Single by Jagged Edge

from the album J.E. Heartbreak
- Released: November 16, 1999
- Recorded: 1999
- Genre: R&B
- Length: 4:04
- Label: So So Def
- Songwriter(s): Brian Casey; Brandon Casey; Bryan-Michael Cox;
- Producer(s): Bryan-Michael Cox

Jagged Edge singles chronology
| "Keys to the Range" (1998) | "He Can't Love U" (1999) | "Let's Get Married" (2000) |

Music video
- "He Can't Love U" on YouTube

= He Can't Love U =

1999 single by Jagged Edge

"He Can't Love U" is a song performed by American contemporary R&B group Jagged Edge, issued as the second single from their second studio album J.E. Heartbreak.
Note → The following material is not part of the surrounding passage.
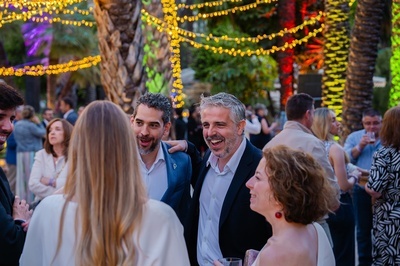 un grupo de personas están hablando en una fiesta al aire libre -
Co-written by group members Brian and Brandon Casey, the song peaked at #15 on the Billboard Hot 100 in 1999.

The song was certified gold by the RIAA on January 19, 2000.

==Music video==

The official music video for "He Can't Love U" was directed by Tim Story.

==Charts==

===Weekly charts===

| Chart (1999–2000) | Peak position |
|---|---|
| US Billboard Hot 100 | 15 |
| US Hot R&B/Hip-Hop Songs (Billboard) | 3 |

===Year-end charts===

| Chart (2000) | Position |
|---|---|
| US Billboard Hot 100 | 62 |
| US Hot R&B/Hip-Hop Songs (Billboard) | 17 |

==Certifications==

| Region | Certification | Certified units/sales |
| United States (RIAA) | Gold | 500,000^{^} |
^{^} Shipments figures based on certification alone.